Content starts
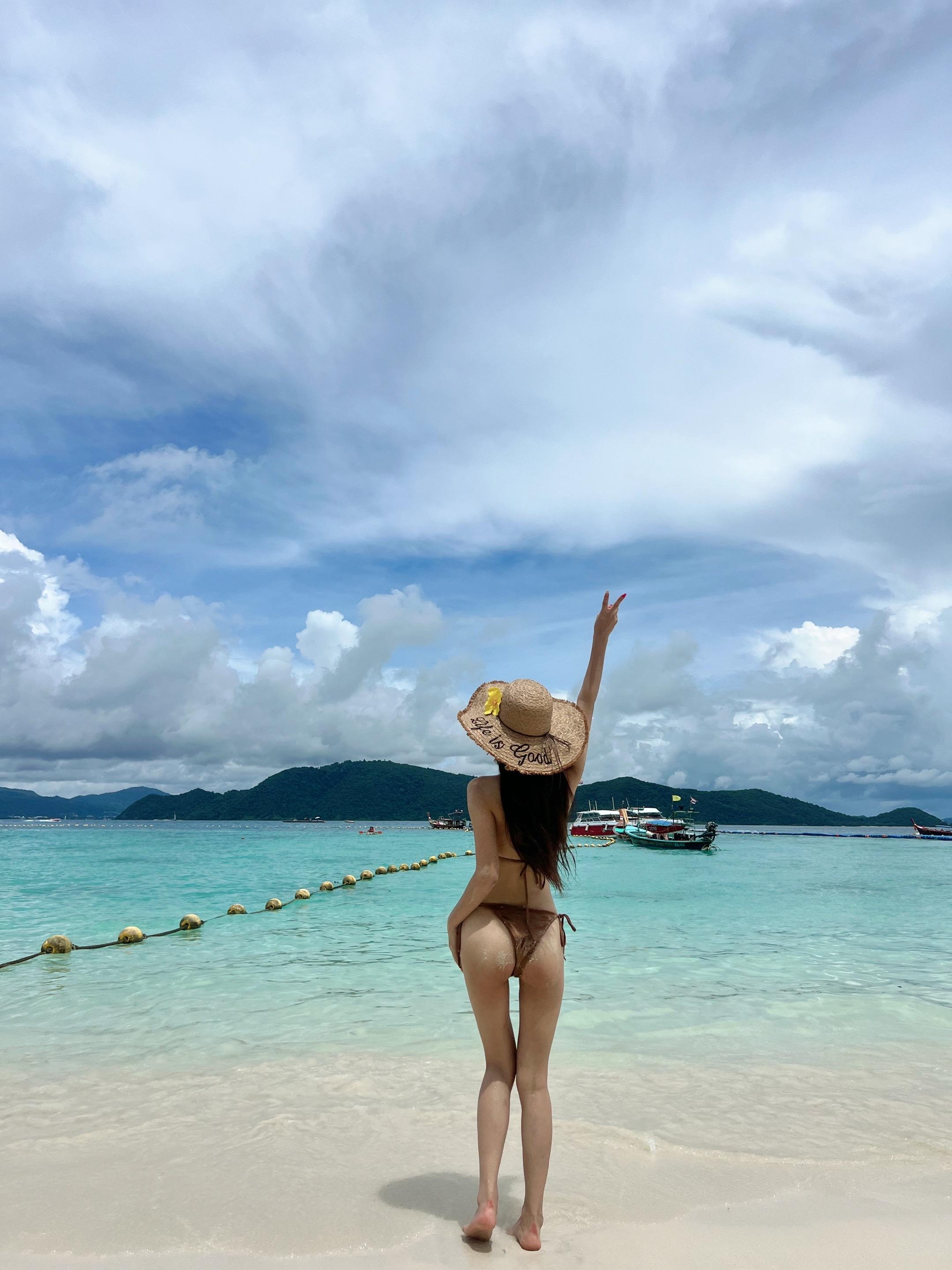 👙➕🏝️我的人生是自由的 不被定义的❤️ 𝑆𝑢𝑚𝑚𝑒𝑟...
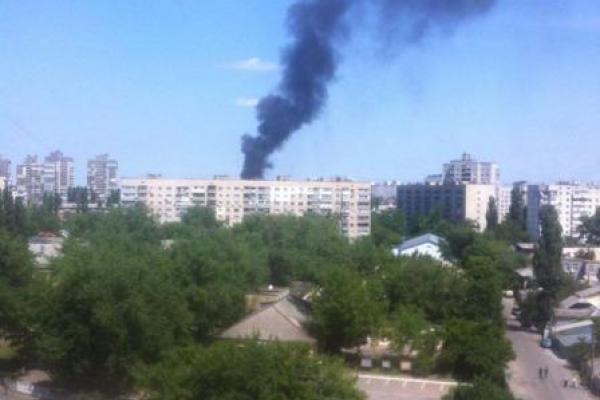 Пожар в Днепровском районе Киева: опубликованы фото и видео момента взрыва Пожар в Днепровском районе Киева: опубликованы фото и видео момента взрыва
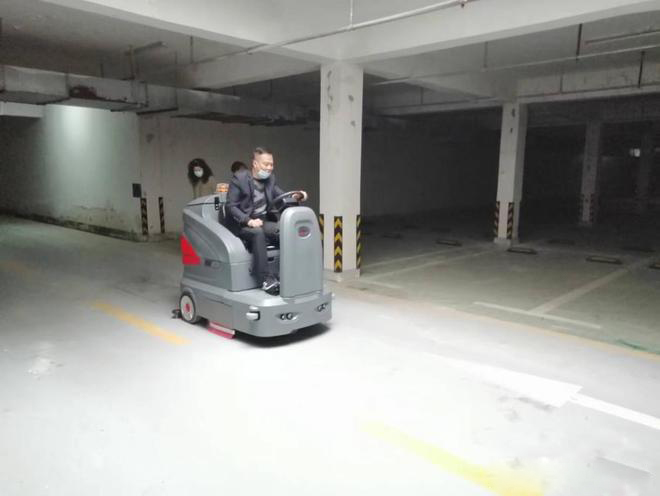 龙岩小区物业保洁不用人力改用驾驶式洗地机了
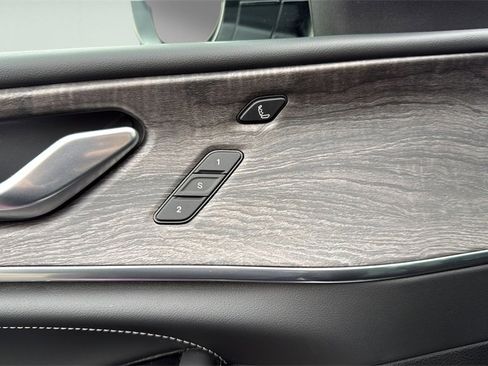 Used 2022 Jeep Grand Cherokee Overland w/ Advanced Protech Group III image 27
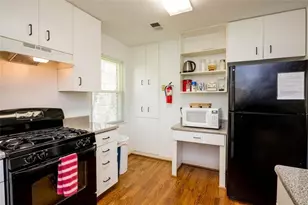 1538 Beech Valley Way, Atlanta, GA 30306 - Photo 10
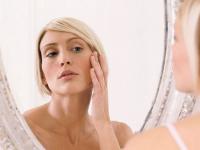 वाढत्या वयाची लक्षणं कमी करण्यासाठी काही ब्युटी टिप्स! - Marathi News | beauty tips how to look 11 years younger than your real age | Latest beauty Photos at Lokmat.com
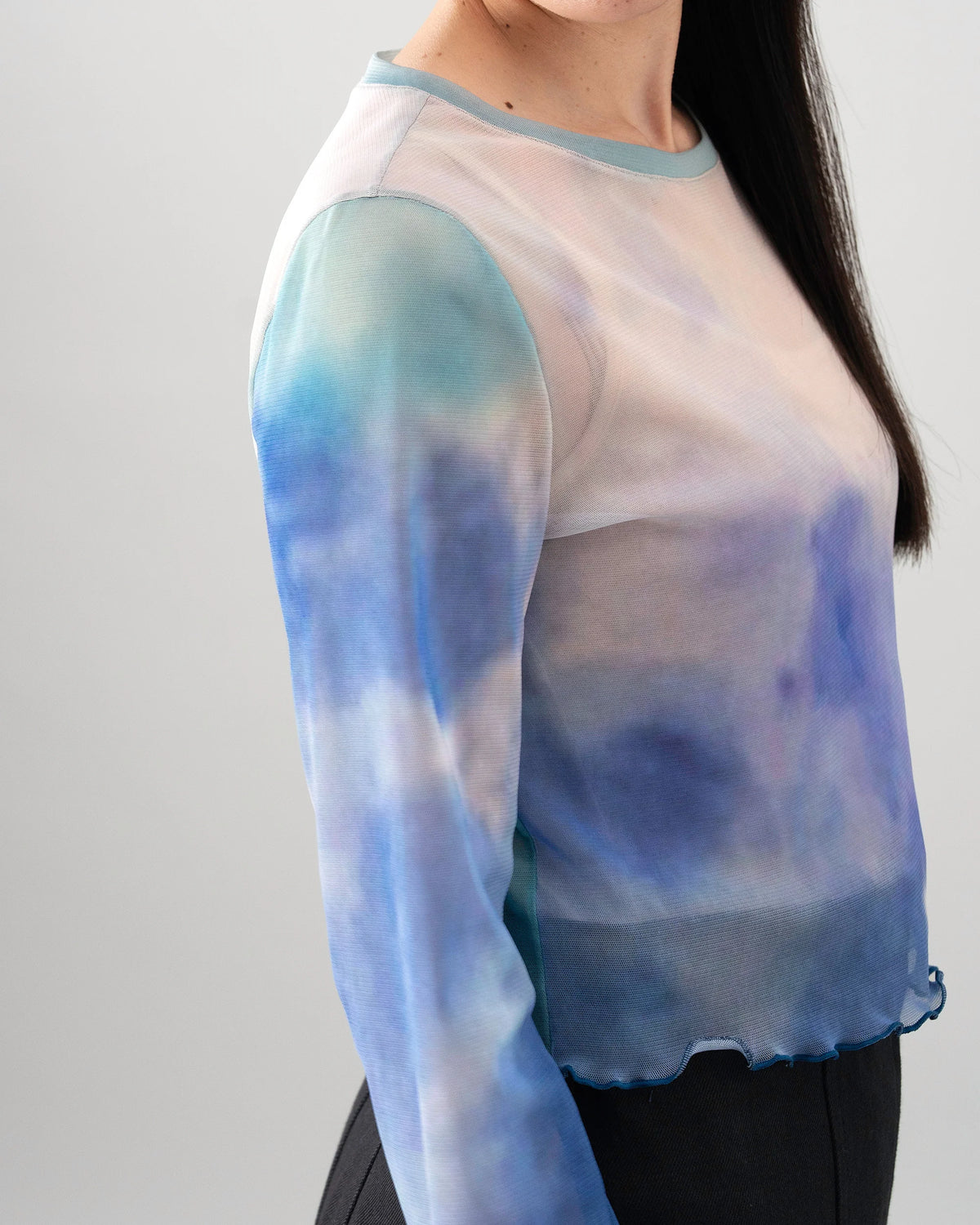 NOSTALGIA SHEER SHORT TOPS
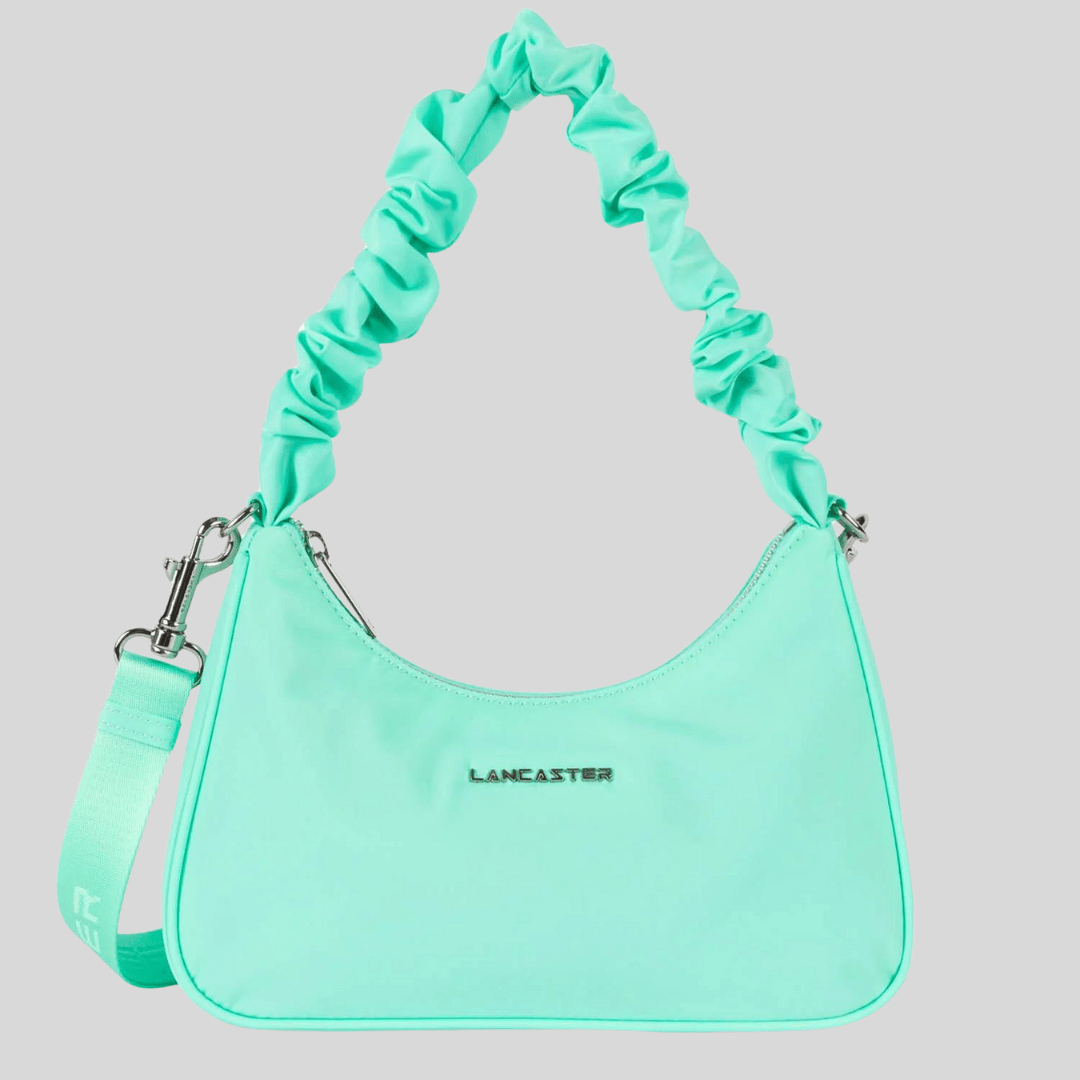 Le petit sac baguette Basic Chouchou est l'accessoire idéal pour un style pratique et tendance au quotidien. Doté d'une poche intérieure zippée et d'une poche intérieure simple, il offre une organisation optimale pour vos essentiels. Portez-le à la main, à l'épaule ou en travers grâce à sa bandoulière amovible et réglable.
Content ends
- [What is being asked]:
Reproduce the material above from its first line through the line containing "NOSTALGIA SHEER SHORT TOPS", both ends included, and skip every picture.

- [Written answer]:
 👙➕🏝️我的人生是自由的 不被定义的❤️ 𝑆𝑢𝑚𝑚𝑒𝑟...
 Пожар в Днепровском районе Киева: опубликованы фото и видео момента взрыва Пожар в Днепровском районе Киева: опубликованы фото и видео момента взрыва
 龙岩小区物业保洁不用人力改用驾驶式洗地机了
 Used 2022 Jeep Grand Cherokee Overland w/ Advanced Protech Group III image 27
 1538 Beech Valley Way, Atlanta, GA 30306 - Photo 10
 वाढत्या वयाची लक्षणं कमी करण्यासाठी काही ब्युटी टिप्स! - Marathi News | beauty tips how to look 11 years younger than your real age | Latest beauty Photos at Lokmat.com
 NOSTALGIA SHEER SHORT TOPS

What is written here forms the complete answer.